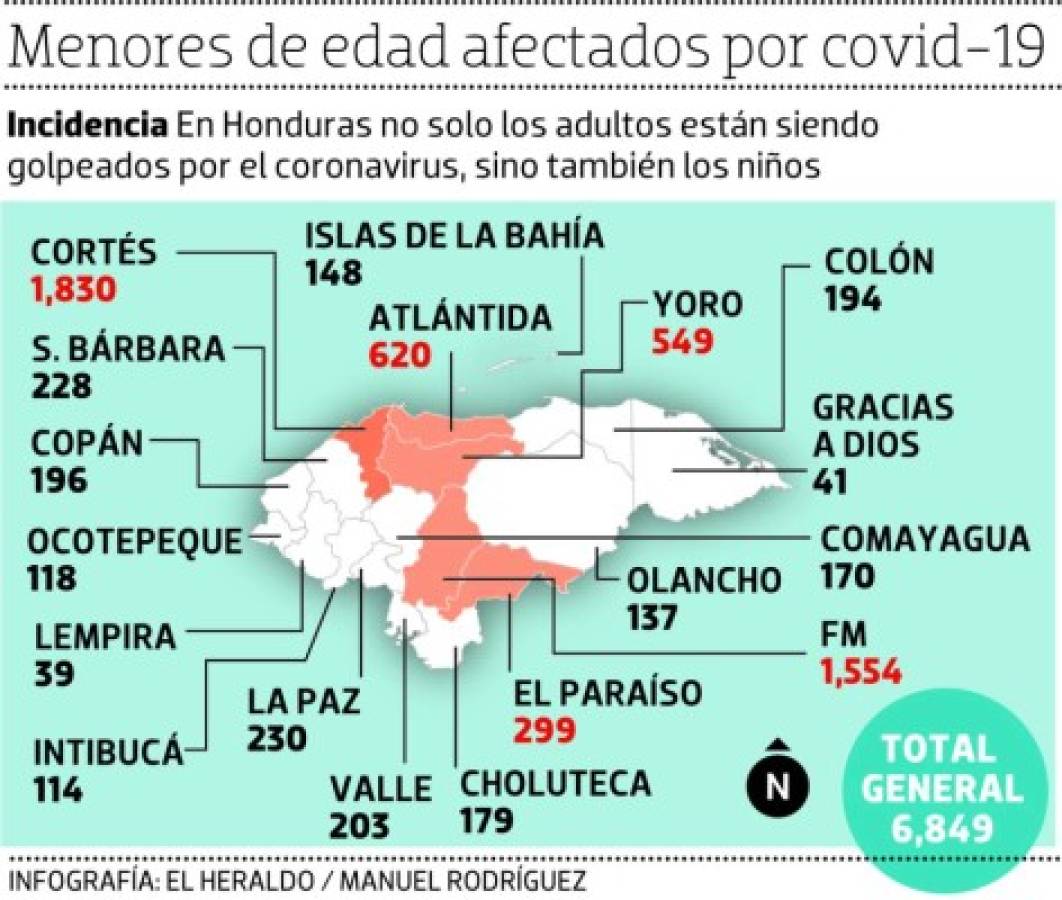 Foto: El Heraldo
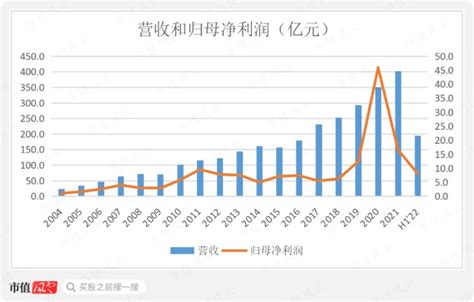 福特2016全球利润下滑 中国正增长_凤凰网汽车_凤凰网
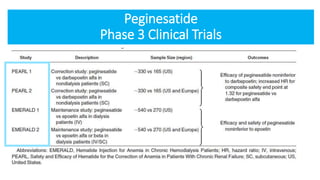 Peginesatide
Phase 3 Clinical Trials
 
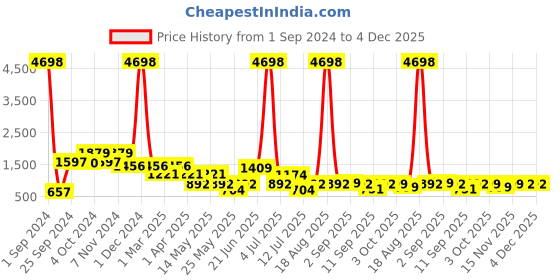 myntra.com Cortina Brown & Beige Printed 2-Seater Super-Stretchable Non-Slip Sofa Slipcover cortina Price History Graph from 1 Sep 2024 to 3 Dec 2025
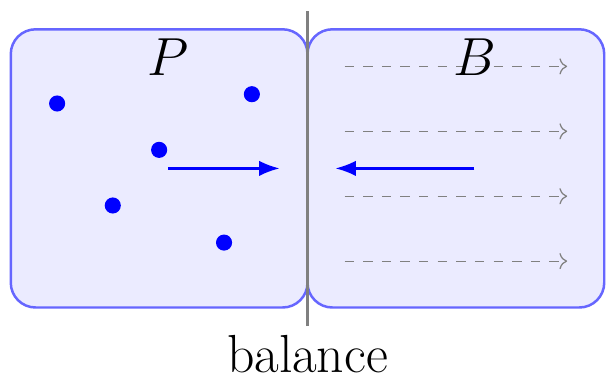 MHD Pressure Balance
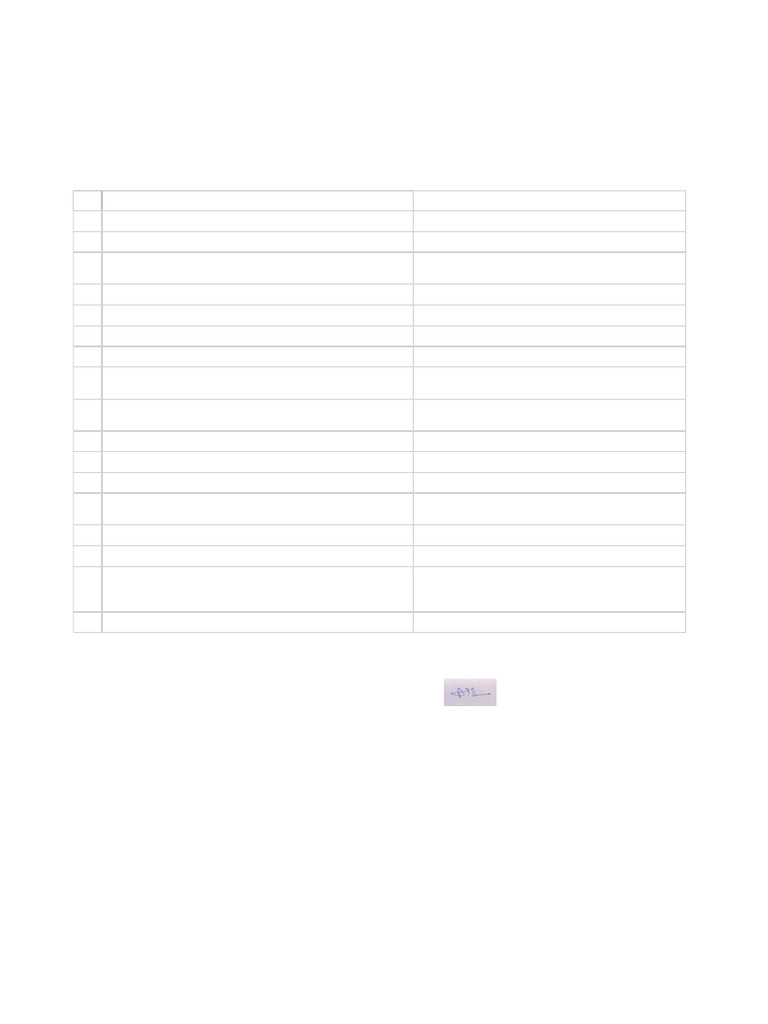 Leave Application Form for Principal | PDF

REQUIREMENT
Reproduce the lines above exactly, image-free.

ANSWER BOX
 Foto: El Heraldo
 福特2016全球利润下滑 中国正增长_凤凰网汽车_凤凰网
 Peginesatide
Phase 3 Clinical Trials
 
 myntra.com Cortina Brown & Beige Printed 2-Seater Super-Stretchable Non-Slip Sofa Slipcover cortina Price History Graph from 1 Sep 2024 to 3 Dec 2025
 MHD Pressure Balance
 Leave Application Form for Principal | PDF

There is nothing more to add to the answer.